- Kategori
- Siyaset
Başlarken
Yıllar yılı yazılı basının ülke yönetimi ve siyaset üzerindeki etkilerini tartıştık durduk. Sonra, beyaz cam - yani TV girince dünyamıza, bu kez ekran kavgalarıyla - görsellikle etkilenmenin daha fazla olup olmadığının münakaşasını yaptık.
Ama şimdi; internet mahşerin çılgın atlıları gibi girdi dünyamıza. Gayri, bir internet sitesinde yayınlanan muhtıralarla ülkenin kaderi değişebilmekte...
Şu halde, Antalya'da yaşayan ve 41 yıldan bu yana edebiyat, kültür ve sanatın içinde dans etmiş birisi olarak Milliyet'in sağladığı bu internet yayıncılığından biz de istifade edelim ve çeşitli konulardaki görüş ve düşüncelerimizi siz okuyucularla paylaşalım istedik.
Bakalım, ilerleyen zaman içinde okuyucu kitlemiz oluşacak mı? Sizler, o güzelim göz bebeklerinizle sayfamda gezinirken, "hasbihal" etmenin tadını alıp, zevkine varabilecek misiniz?
Bazen, sizlerle aynı doğrultuda ve aynı çizgide düşünmeyebilir, sizlerle ters de düşebiliriz.
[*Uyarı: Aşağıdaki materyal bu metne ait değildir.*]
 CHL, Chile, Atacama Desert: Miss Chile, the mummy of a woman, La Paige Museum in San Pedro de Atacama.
O sebeple şimdiden kalbini kıracağımız, gücendireceğimiz dostlar olursa, peşinen özür dileyelim, olmaz mı? Maksadımız, asla gönül kırmak olmayacak, Yunus'un deyimiyle "gönül kazanmak" olacaktır. Ancak, dünya hali bu. Bakarsınız, olmaz dediklerimiz de oluverir, değil mi?
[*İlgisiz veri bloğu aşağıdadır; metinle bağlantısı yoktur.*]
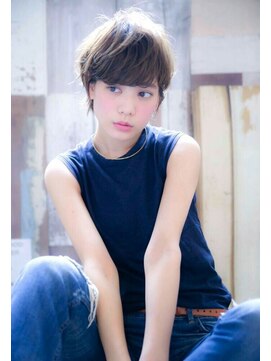 エイミー(Aimee) Aimee 町田 ニュアンスショート×ペールグレージュ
Yüreğimizde ülkemizin ve ulusumuzun kaygısı olacaktır, derdi derdimiz olacaktır, neşesi neşemiz. Acımız, sevinçimiz ortak olup akacak elektronik ortamdan satırlara. Dilerim çağlayanlara döner bu akış...
Bugün ilk gün ve bu ilk yazı.
Hani ilk doğan gün tazeliğinde, hani gıcır gıcır çocukluk ayakkabılarımız var ya, hah işte o misal yeniyiz yani...
Yenide umut vardır, heyecan vardır, aşk vardır. Bu aşkı, ışığı, umudu ve heyecanı hiç eksiltmemeye gayret edeceğiz. Antalya'dan dünyaya seslenecek, klavyemizin tuşlarıyla yüreğimizi gönül bahçelerinizde gezindireceğiz. Her konuda tek yada bir-iki rengi değil, ortak paydalarımızdan ödün vermeden, başka renkleri ve desenleri de çizeceğiz.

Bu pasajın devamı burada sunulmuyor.